Monday, October 7, 2013

colour sorting for toddlers


among about a thousand other things, arty is currently in the midst of learning about colours (gosh, being a toddler is busy!). he knows how to say most of the basic colour names, and is just beginning to match them up reliably with examples. we're doing our best to help him, usually by describing the colours of different objects that he shows an interest in, and by talking about colours while we paint and draw, but i thought it would be fun to play another sort of game with colours. this one occurred to me last night as i was lying in bed, and we gave it a go today...



what you'll need:

red, yellow, and blue paint
a paintbrush
three pieces of paper
several red, yellow, and blue objects (i used large wooden beads because we had them to hand, but you could use pegs, blocks, spoons, or even fruit, vegetables, or flowers from the garden)


what to do:

  • on one piece of paper, paint a large red circle
  • on the next paint a large blue circle
  • on the last piece, paint a large yellow circle
  • allow them to dry
  • lay the pieces of paper out on a table that is an appropriate height for your child to stand at
  • present them with the different coloured objects you have selected, and help them place each one on the circle of the corresponding colour



tips:

  • model the activity for your child before you ask them to begin. as this is an activity for young children who are still getting a grip on language, being shown what to do is going to be more effective than being told.
  • remember that it's a good thing if your child doesn't execute this task perfectly the first time around (arty certainly didn't!) - if they do it's not helping them learn anything. repetition and gentle guidance will help them make the associations they need to.
  • once they've got the hang of primary colours, start introducing green, purple, orange and pink. using a familiar task to integrate new knowledge is a really effective way to learn.
  • make sure you are cautious in your choice of objects, and beware of choking hazards.
  • if you're parenting a toddler, you don't need me to tell you about the limits of their attention span - don't stress if they wander on and off task. while we were having a go this afternoon, arty decided that he wanted to stack the beads instead of sorting them, and that was also plenty of fun



as i was loading these photos onto my laptop this evening, arty sat beside me, pointed to the beads on the screen, and said, "red! yellow! blue!" so it's clearly made some impression. we'll keep playing, and he'll have mastered them all in no time.


p.s. here's a colour sorting game for preschoolers, and here's one where kids sort coloured pompoms through tubes - fun!

Thursday, October 3, 2013

getting over a fear of the bath

a couple of weeks ago, while the bath was filling, the faucet popped off, and water started gushing out. arty was in the room at the time, and it gave him a big fright. since then he's been scared of getting in the bath.

we hoped it would pass in a day or two, but it was quite persistent. bathtime involved him clinging to our necks, as he tried to clamber out of the tub. not a lot of washing got done.

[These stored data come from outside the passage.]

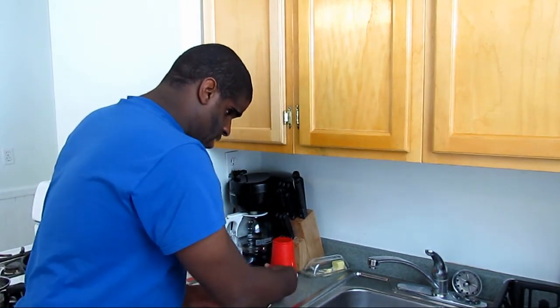Once this cools down I'll have a nice warm cup of tea to drink. I like green tea and I like to have it on occasion. I hope you found this very useful. I'll catch you next time. Thank you for watching.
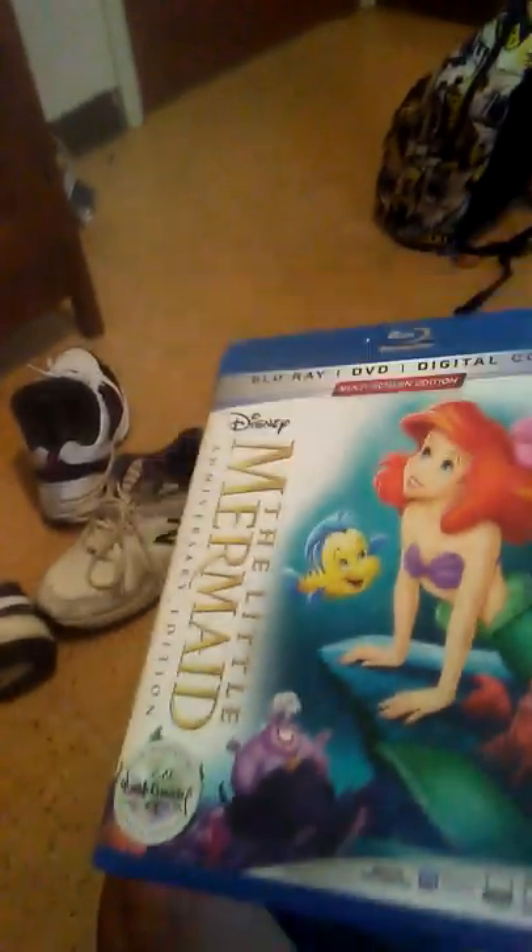Okay guys, here's the DVD and Blu-ray. I know all you're going to say — this movie is on Disney Plus. I know it is, but I just don't care. You can get four movies for like a dollar though.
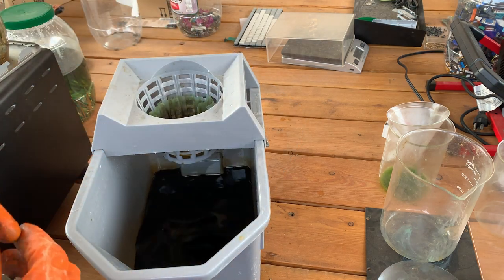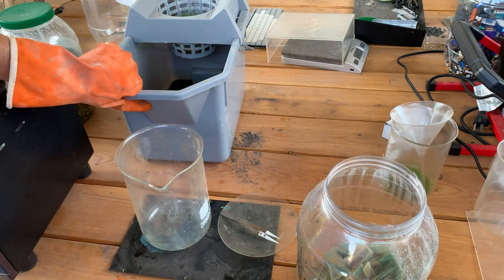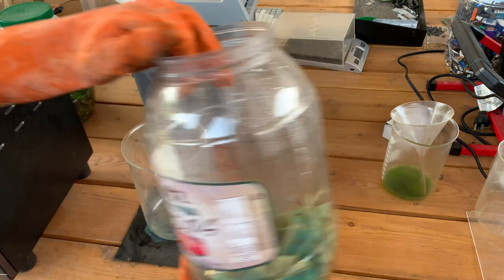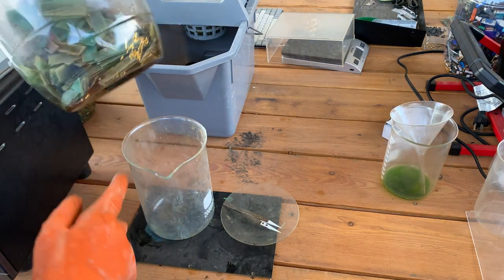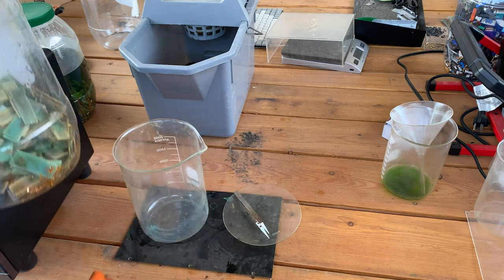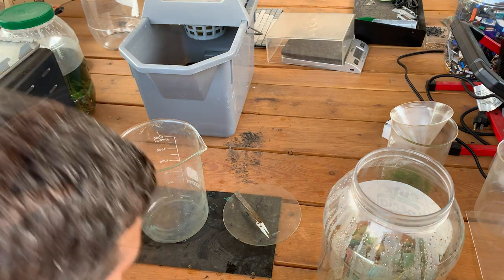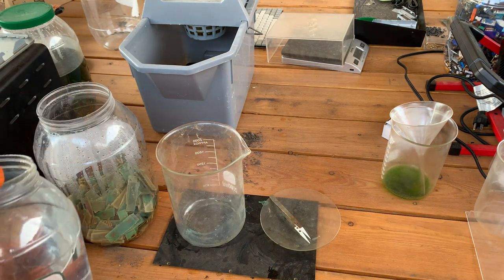I'm trying to collect all this so I can save it. We're going to set the filtering solution off to the side and start putting these green fiber boards and the gold fingers down into this 2000 milliliter beaker. This one I don't care if it gets diluted — I'm going to rinse these off. Let's go ahead and pour some water in here and get the rest of these out.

we tried a range of things to help, from getting in the bath with him, to just having a shower instead, but he still froze up and started crying the minute we took him into the bathroom. his heart would start thumping, his whole body would go rigid, and he'd cling to us so tightly that sometimes it hurt. this wasn't toddler theatrics, it was real fear.

then a couple of days ago, i was out shopping with my mum and we spied a set of bath crayons. we thought this might be just the thing to distract a boy who loves to draw just long enough to get him clean.


it worked.

now after dinner, he straight away asks "bath? drawing?" just like that, instead of associating the bath with a scary memory, he associates it with something he really enjoys.

oh, and sj gets a chance to practise her drawing skills, which is just a bonus on the side:


i think we're going to need to buy shares in the bath crayon industry, because we'll be burning through them at our place for the next little while...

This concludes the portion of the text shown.